- Required work -
Please write out exactly the lines of the data below from the line holding "Readers Debate Ukraine" through the line holding "ماشین لباسشویی ایکس‌ویژن مدل TF84-AWBL/ASBL", and leave out the rest.

- Source records -

════════════════

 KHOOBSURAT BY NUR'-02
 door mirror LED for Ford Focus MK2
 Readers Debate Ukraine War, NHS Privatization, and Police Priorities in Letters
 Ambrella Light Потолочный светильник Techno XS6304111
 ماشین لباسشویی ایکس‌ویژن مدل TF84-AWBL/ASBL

════════════════

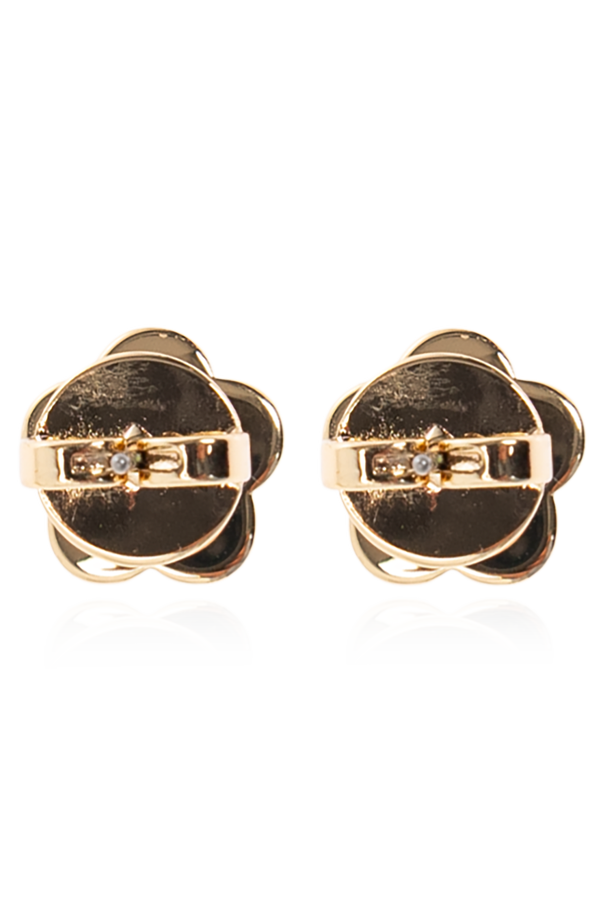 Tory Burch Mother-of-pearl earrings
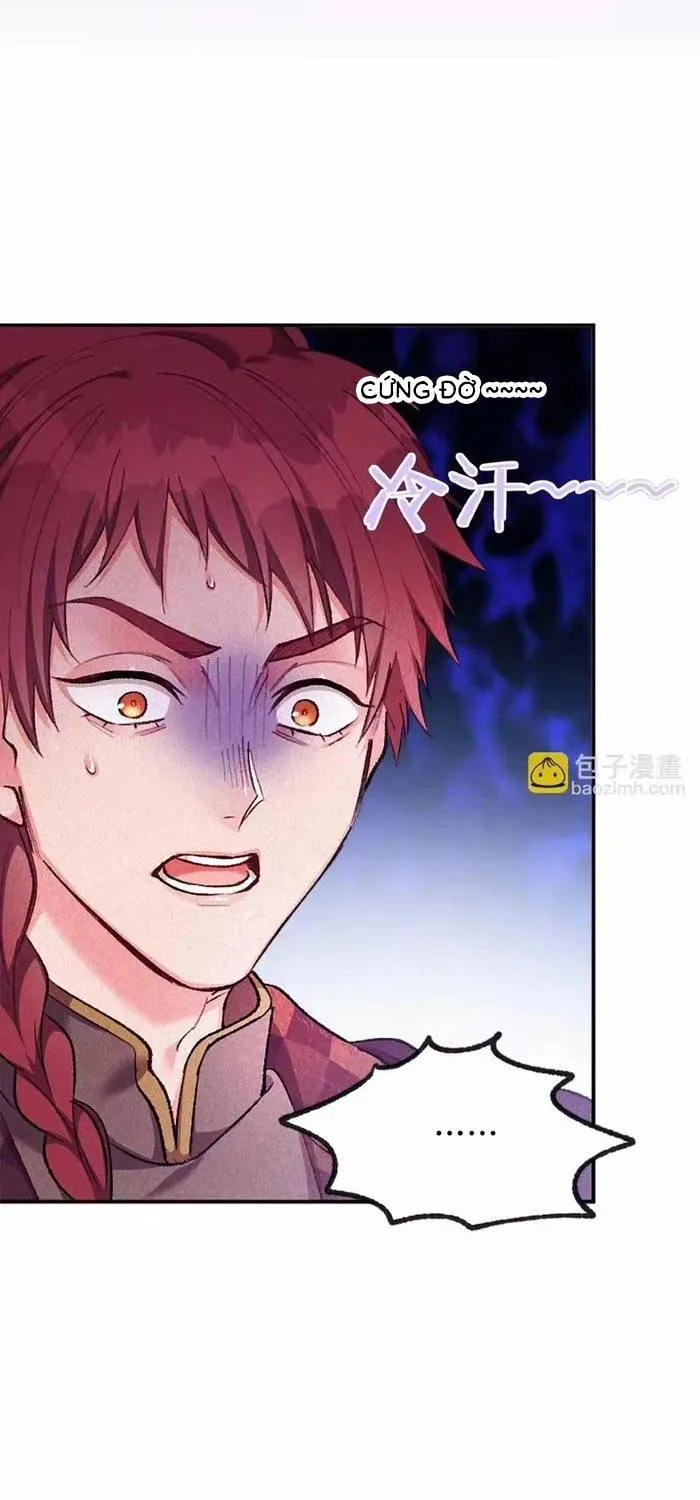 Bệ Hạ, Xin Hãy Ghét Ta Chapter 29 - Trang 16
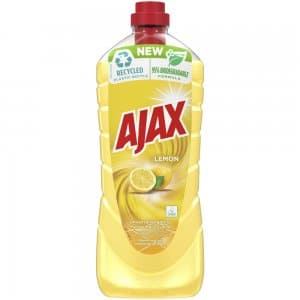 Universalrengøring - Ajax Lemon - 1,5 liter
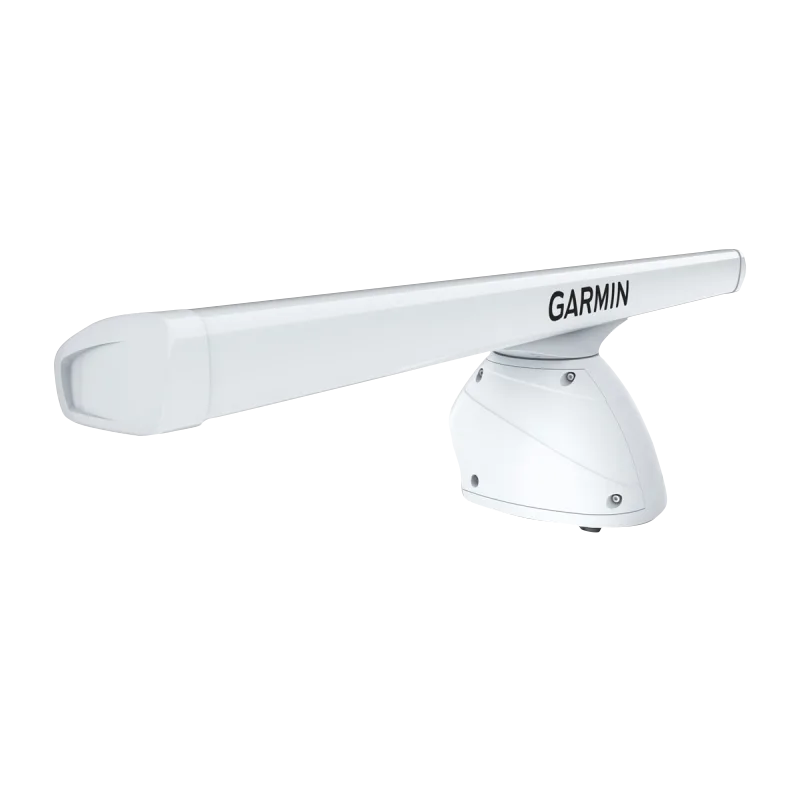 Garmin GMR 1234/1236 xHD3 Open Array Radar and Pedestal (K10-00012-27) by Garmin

════════════════

- Solution for this task -
 Readers Debate Ukraine War, NHS Privatization, and Police Priorities in Letters
 Ambrella Light Потолочный светильник Techno XS6304111
 ماشین لباسشویی ایکس‌ویژن مدل TF84-AWBL/ASBL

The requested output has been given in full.